Prabowo secara khusus mengapresiasi ketegasan Turkiye dalam mendukung Palestina. Ia menyatakan bahwa Indonesia merasa terpanggil untuk bersama Turkiye membela keadilan dan kebenaran di tengah situasi global yang penuh ketidakpastian. Kemitraan strategis antara Indonesia dan Turkiye diharapkan dapat memberikan kontribusi signifikan dalam upaya penyelesaian konflik dan penegakan HAM.
Selain kecaman terhadap standar ganda HAM, Prabowo juga mengumumkan rencana konkret Indonesia untuk membantu warga Palestina yang terdampak konflik. Pemerintah Indonesia berencana mengevakuasi warga Palestina yang terluka ke Indonesia untuk mendapatkan perawatan medis. Setelah kondisi memungkinkan, mereka akan dipulangkan kembali ke Palestina.
"Kami juga siap menerima korban-korban yang luka-luka, dan nanti segera kirim Menlu untuk diskusi dengan pemerintah Palestina, dengan pihak daerah tersebut bagaimana pelaksanaannya untuk kami siap evakuasi mereka yang luka-luka," kata Prabowo di Lanud Halim Perdanakusuma, Jakarta Timur, Rabu (9/4/2025).
Prabowo menegaskan bahwa Indonesia siap menampung warga Palestina yang terluka, termasuk anak-anak yatim piatu dan mereka yang mengalami trauma akibat konflik. Pemerintah Indonesia bahkan siap mengirimkan pesawat untuk mengevakuasi sekitar 1.000 orang pada gelombang pertama.

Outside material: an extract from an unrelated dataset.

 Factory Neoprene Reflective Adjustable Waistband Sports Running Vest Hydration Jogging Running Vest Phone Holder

Rencana Evakuasi dan Perawatan Medis
Rencana evakuasi dan perawatan medis ini merupakan wujud komitmen Indonesia terhadap kemanusiaan dan solidaritas terhadap rakyat Palestina. Beberapa poin penting terkait rencana ini adalah:
- Prioritas Evakuasi: Warga Palestina yang terluka, anak-anak yatim piatu, dan korban trauma akibat konflik akan menjadi prioritas evakuasi.

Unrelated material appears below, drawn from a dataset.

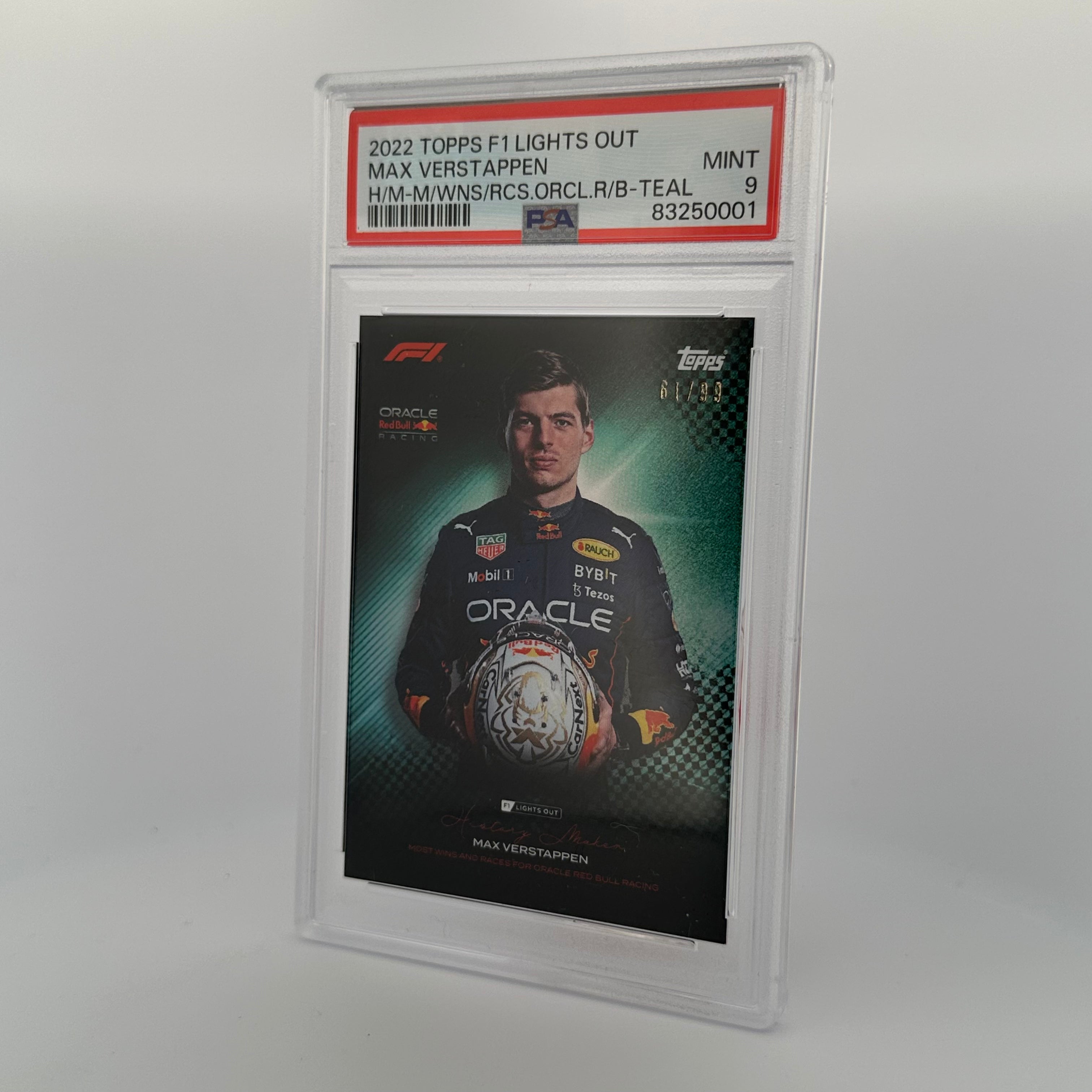 PSA 9 Graded Max Verstappen /99 Most Wins And Races History Maker Teal Parallel - Limited Edition Trading Card for F1 Collectors & Racing Fans (Perfect for Display, Investment, or Gifting)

- Kapasitas Awal: Indonesia siap mengevakuasi sekitar 1.000 orang pada gelombang pertama.
- Perawatan Medis: Pemerintah Indonesia akan menyediakan fasilitas perawatan medis yang memadai bagi para pengungsi Palestina.
- Koordinasi dengan Pihak Terkait: Kementerian Luar Negeri akan berkoordinasi dengan pemerintah Palestina dan pihak-pihak terkait untuk memastikan kelancaran proses evakuasi dan perawatan.
- Pemulangan: Setelah kondisi di Palestina membaik, para pengungsi akan dipulangkan ke tanah air mereka.
Inisiatif ini menunjukkan peran aktif Indonesia dalam diplomasi kemanusiaan dan upaya menciptakan perdamaian di kawasan Timur Tengah. Tindakan nyata ini diharapkan dapat meringankan penderitaan warga Palestina dan memberikan harapan akan masa depan yang lebih baik.